What follows are descriptions of the more significant features and benefits of the IO SharePoint connector:
- Continuous Update - Continuous Update mode is the most significant enhancement compared to previous SharePoint connectors for Watson Explorer Engine. When the IO SharePoint connector is configured to operate in Continuous Update mode, new, updated, and deleted SharePoint data is continuously indexed. As a result, SharePoint repository updates, document modifications, and other changes can be searched with Watson Explorer Engine applications as quickly as possible. The Watson Explorer Engine crawler should never need to be manually stopped and restarted as long as Watson Explorer Engine is running.
- Improved Handling of User Profiles - The IO SharePoint connector enables Watson Explorer Engine to index both public and private data while maintaining proper SharePoint ACLs (Access Control Lists).
- Decreased Memory Footprint - The IO SharePoint connector is less resource intensive than the legacy Watson Explorer Engine SharePoint connector.

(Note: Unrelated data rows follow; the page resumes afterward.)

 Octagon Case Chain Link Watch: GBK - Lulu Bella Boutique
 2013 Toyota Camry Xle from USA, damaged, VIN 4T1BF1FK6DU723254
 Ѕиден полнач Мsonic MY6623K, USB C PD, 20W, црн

- Configurable Resource Levels - Watson Explorer Engine administrators can now scale system resources up or down depending on how aggressively they wish to crawl a SharePoint site or SharePoint site collection. Cache size is also configurable.
- No Custom Watson Explorer Engine Web Services - The IO SharePoint connector
eliminates the need for installing a custom Watson Explorer Engine web service on the
SharePoint server(s). Note: The custom web services were required by the legacy Watson Explorer Engine SharePoint connector to enable certain features. The IO SharePoint connector provides all of the same features without the need for custom web services.

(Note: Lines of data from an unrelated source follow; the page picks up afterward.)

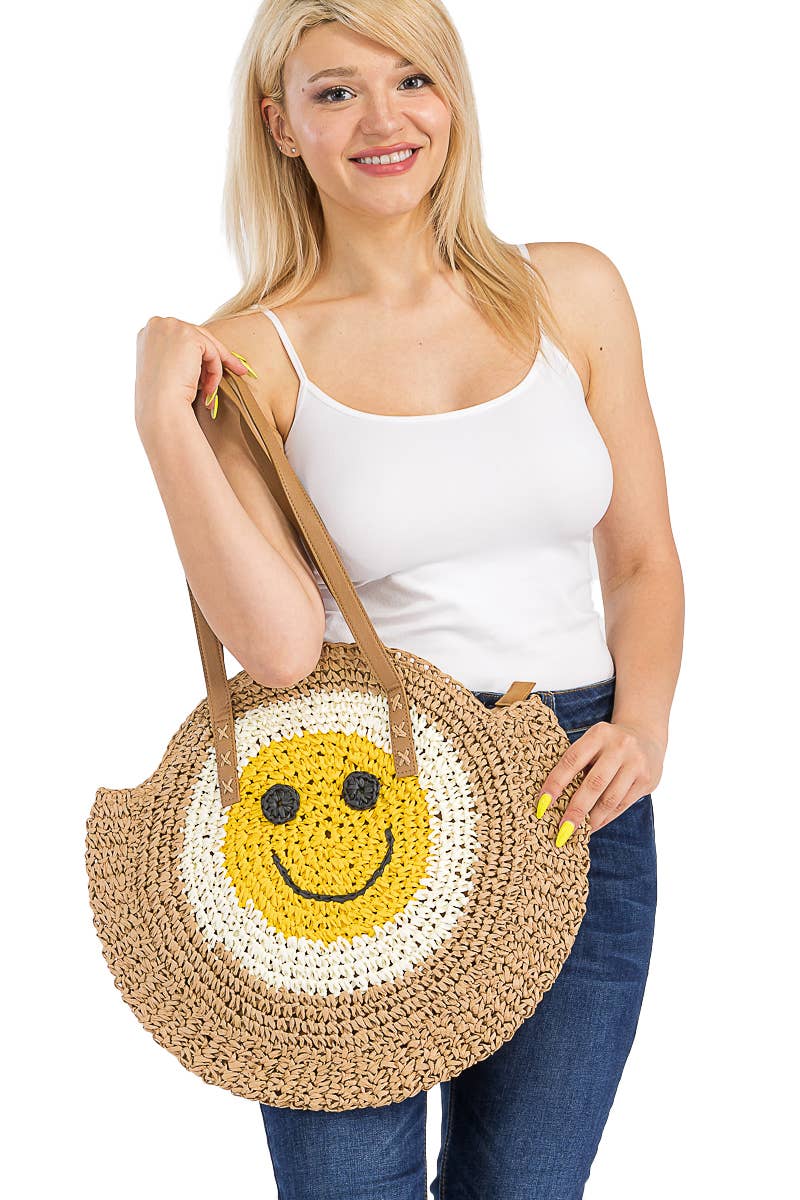 Cap Zone - Vendita all'ingrosso Borsa da spiaggia - Borsa da spiaggia rotonda in rattan con faccina sorridente1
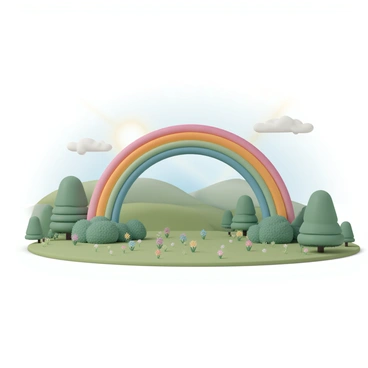 A vibrant rainbow, displaying a spectrum of colors, arches gracefully over a lush green landscape. The landscape features rolling hills with dense, vibrant grass and a variety of trees with rich green foliage. In the foreground, small colorful wildflowers are blooming, adding pops of color to the scene. The sky is slightly cloudy, with hints of sunlight breaking through, illuminating the rainbow and casting a soft glow over the landscape.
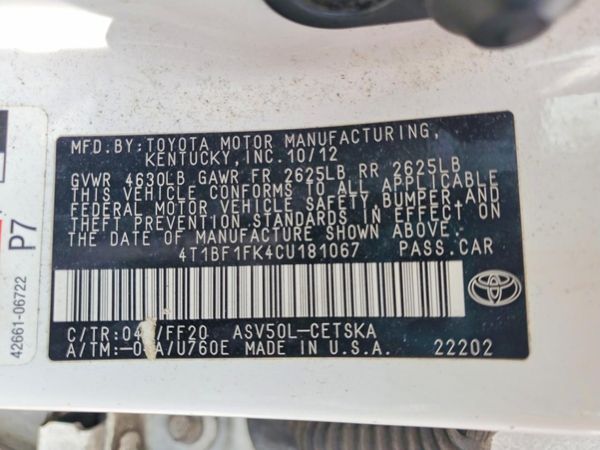 2012 TOYOTA CAMRY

- ASPX Page Handling - Allows the crawling and indexing of SharePoint site folders. This allows for folder directory pages to be returned in search results.
- Improved Blog Crawling - Due to improved URL handling, the IO SharePoint connector generates better search results when it crawls SharePoint sites and blogs.
- Improved Versioned Document Handling - Due to improved URL handling, the IO SharePoint connector provides for better crawling and indexing of current and previous versions of SharePoint site documents.
- Profiles Crawled Without MySites - User profiles can be crawled without the need
for having a SharePoint MySite. Note: In previous SharePoint connectors each user profile had to have a "MySite" associated with it in order to crawl that user profile. This is no longer the case and is covered in greater detail in the Configuring User Profiles section of this guide.
- More Control Over SharePoint Configurations - You can now control whether or not the connector honors the SharePoint configuration for site collections, sites, or lists which should not be indexed.
This document is intended for use by systems administrators tasked with installing and configuring the IO SharePoint connector and crawling SharePoint sites. Other key audience members include IT management and personnel generally responsible for the maintenance of SharePoint, Watson Explorer Engine, and Watson Explorer Application Builder applications.
A working knowledge of Watson Explorer Engine and a basic understanding of Watson Explorer Engine administration and configuration is required to follow along in this guide. A similar background in SharePoint administration is assumed.
The last few sections of this guide contain release notes, which is comprised of a version specific change log followed by a known issues section.